Like all the best stories, the Egyptian myth of Anubis begins in a tangle of love and deceit.
Anubis was born to Osiris and Nephthys. Now Nephthys is the wife of Set, who just happens to be Osiris’s brother and rival. Disguised as her sister Isis, Nephthys conceives Anubis with Osiris in secret and Anubis is born into the in-between of loyalty and betrayal.
Fearing Set’s wrath, Nephthys hides the infant in the desert, where he is later found and raised by Isis, the great mother-magician of compassion.
Set eventually learns of the deception and dismembers Osiris, scattering his body parts across the scorched and barren land. But a now-grown Anubis and Isis gather the pieces, carefully wrapping and preserving Osiris’s body so that he may pass into the afterlife.
Through his willingness to tend to what was broken, Anubis becomes the guardian of the dead. Often depicted with the head of a jackal, Anubis is linked to the wild dogs that roamed desert cemeteries, feral creatures who lived at the boundary between the living and the dead. Anubis becomes their sacred counterpart, a protector of graves, a watcher of thresholds, ultimately overseeing The Hall of Judgement ceremony. This ritual weighs the heart of the deceased against a feather. The feather belongs to Ma’at, the principle of balance, of cosmic harmony. If one’s heart was heavy due to immorality or selfishness, the scales won’t balance, and the Afterlife is denied.
It’s the truth and tenderness of your heart that is ultimately measured. Not your achievements or financial success. Not the story you’ve curated for others.
This can leave one feeling despondent. Won’t all true souls tremble at the scales, full of doubt and regrets?
I worried too much.
I failed people.
I doubted myself.
But Anubis understands mortals in the same way he understands mortality. He’s a Big Picture kinda guy, overlooking small specifics toward a deeper understanding of a life well-lived. He reminds us that good living is a devotion of attention. The heart grows heavy not from failing, but from forgetting to live while alive.
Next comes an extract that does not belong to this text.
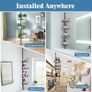 4-Tier Rustproof Telescopic Corner Shower Caddy, Height Adjustable No Drilling Bathroom Storage Accessory Shelf Organiser from 58.5 to 317.5 cm, with 4 Large Capacity Adjustable Baskets, Black Image 3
Do you notice the morning when it arrives?
Do you soften more than you harden?
Do you offer even small kindnesses when it’s easier not to?
Do you return, over and over, to awe?
The scales settle by sincerity, not perfection. By a quiet, repeated choosing of life. The soul may then enter Aaru, a lush, fertile realm of flowing waters and abundant crops, where souls are reunited with loved ones. Until then, we needn’t live perfectly. We balance the cosmic scales when we remember to live at all.